> **Work to complete**: Return only the lines from the one that contains "长绒棉四件套全棉纯棉高级感被套床单床笠轻奢南通床上用品" through the last line of the records below, exactly as they stand. Pictures are not part of the copy.

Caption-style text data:
* * *

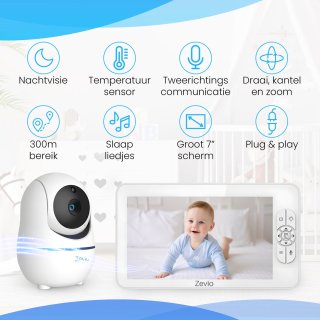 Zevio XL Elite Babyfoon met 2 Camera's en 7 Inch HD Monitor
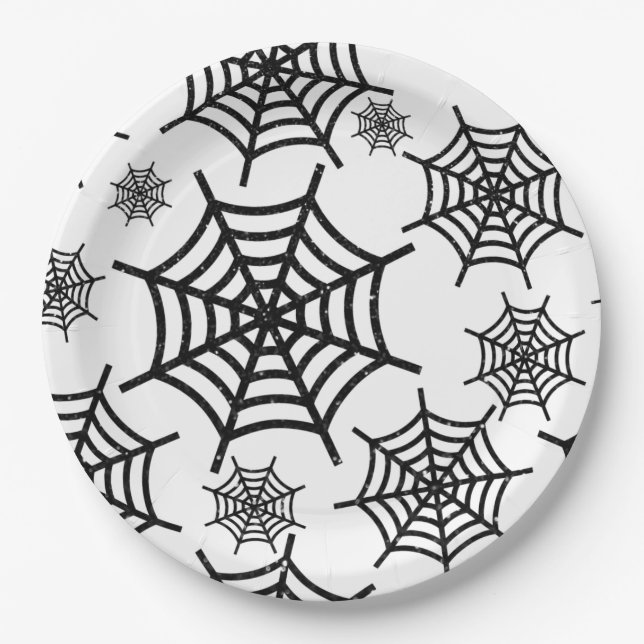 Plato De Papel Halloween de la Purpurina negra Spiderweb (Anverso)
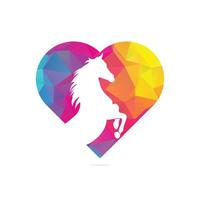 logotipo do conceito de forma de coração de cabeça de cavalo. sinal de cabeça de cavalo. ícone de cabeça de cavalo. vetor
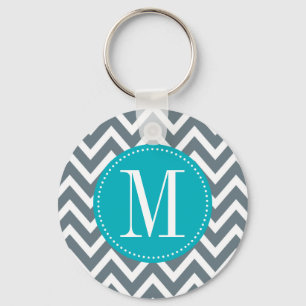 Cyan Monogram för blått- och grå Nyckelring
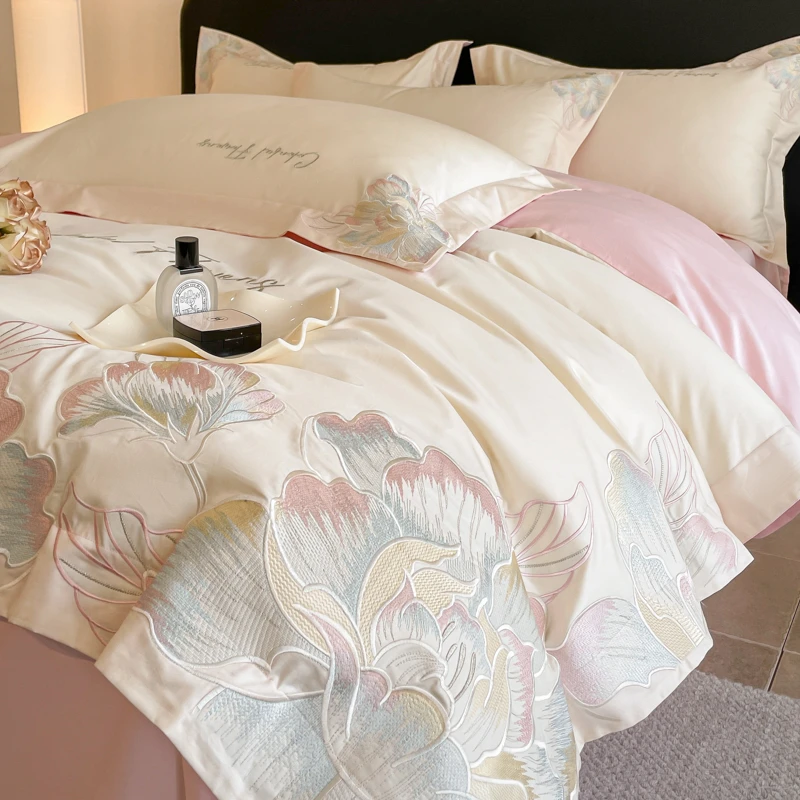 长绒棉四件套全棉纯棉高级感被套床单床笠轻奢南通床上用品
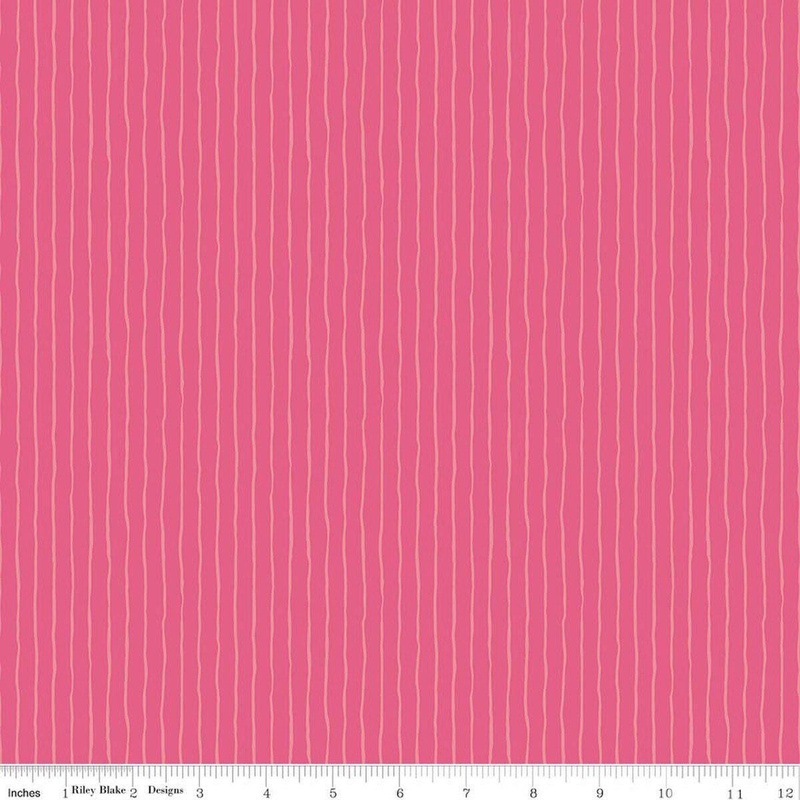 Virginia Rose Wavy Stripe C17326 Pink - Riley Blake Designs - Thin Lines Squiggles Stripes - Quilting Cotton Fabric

* * *

> **Final answer**:
 长绒棉四件套全棉纯棉高级感被套床单床笠轻奢南通床上用品
 Virginia Rose Wavy Stripe C17326 Pink - Riley Blake Designs - Thin Lines Squiggles Stripes - Quilting Cotton Fabric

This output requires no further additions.